### Exercise input
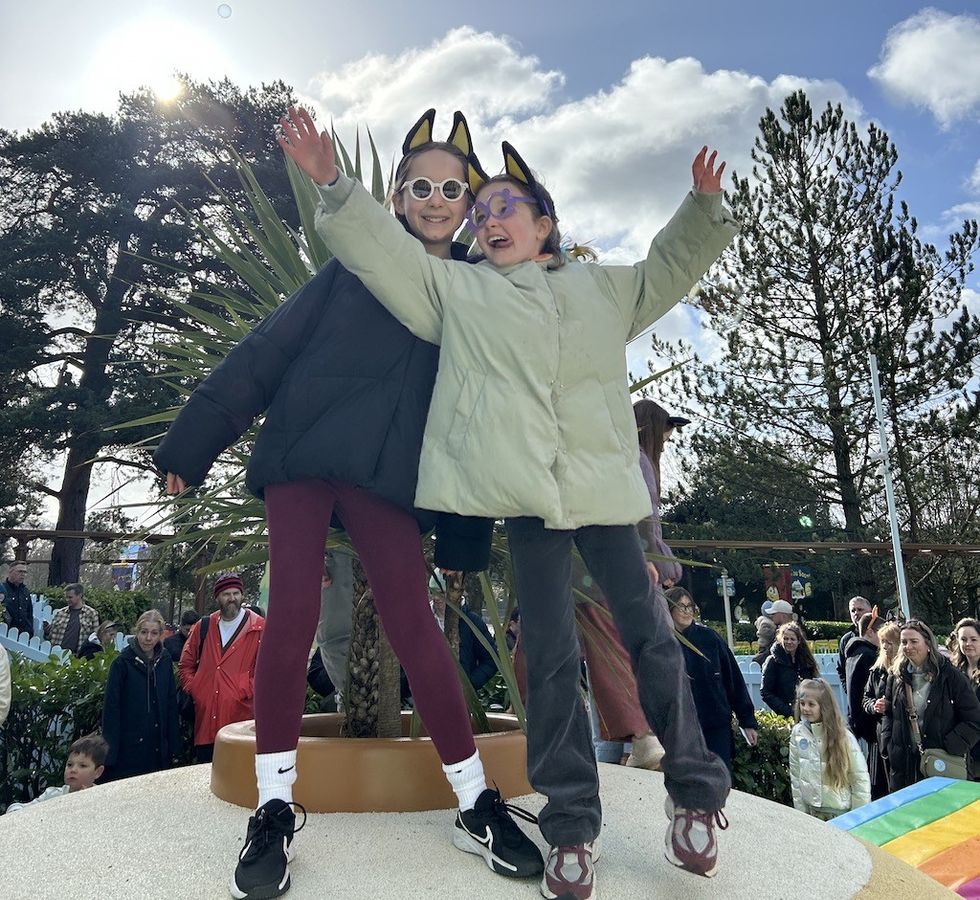 Two kids in jackets and fun sunglasses, arms raised, outdoor event with crowd and trees.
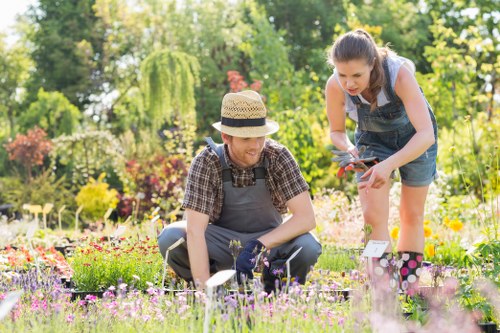 Garden crew sorting green waste into labelled containers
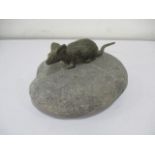 A bronze figure of a mouse crouched on a stone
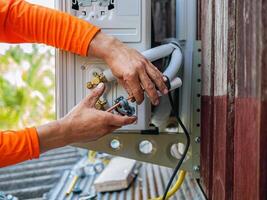 Air conditioning technicians install new compressor air in homes, Repairman fix air conditioning systems, Male technician service for repair and maintenance of air conditioners photo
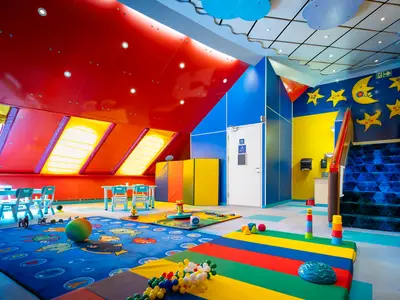 Bunter Kinderbereich "Guppies Room" an Bord der Norwegian Sky. Rote Wände, blaue Decke, gelbe Fenster. Spielmatten, Kindermöbel, Spielzeug. Sterne und Mond an Wand, rechts blaue Treppe.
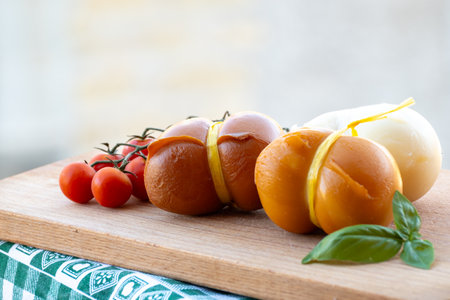 Italian semi hard handmade smoked and white scamorza cheese, from cow milk from Apulia or Calabria regions close upの写真素材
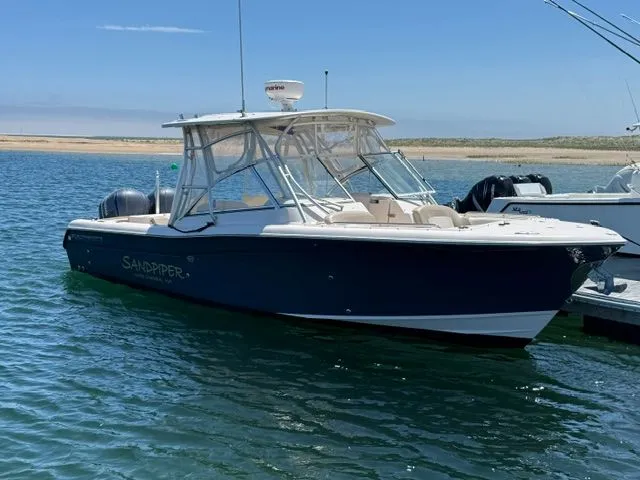The Image of 2013 Grady-White Freedom 285 boat on calm water. - 0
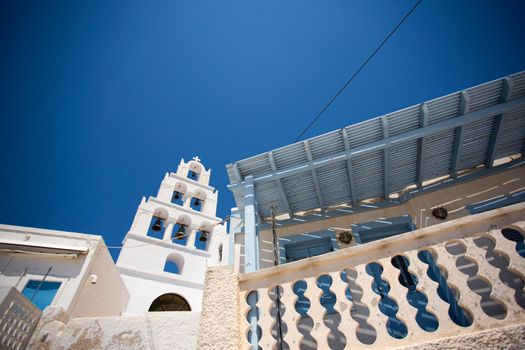 The beautiful bell tower of the church in Red Beach, the most famous beach of Santorini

### Goal of the exercise
Pictures stay out; retype only the lines from the line containing "Air conditioning technicians" through the end of the listing, inclusive, exactly as they appear.

### Answer for this exercise
 Air conditioning technicians install new compressor air in homes, Repairman fix air conditioning systems, Male technician service for repair and maintenance of air conditioners photo
 Bunter Kinderbereich "Guppies Room" an Bord der Norwegian Sky. Rote Wände, blaue Decke, gelbe Fenster. Spielmatten, Kindermöbel, Spielzeug. Sterne und Mond an Wand, rechts blaue Treppe.
 Italian semi hard handmade smoked and white scamorza cheese, from cow milk from Apulia or Calabria regions close upの写真素材
The Image of 2013 Grady-White Freedom 285 boat on calm water. - 0
 The beautiful bell tower of the church in Red Beach, the most famous beach of Santorini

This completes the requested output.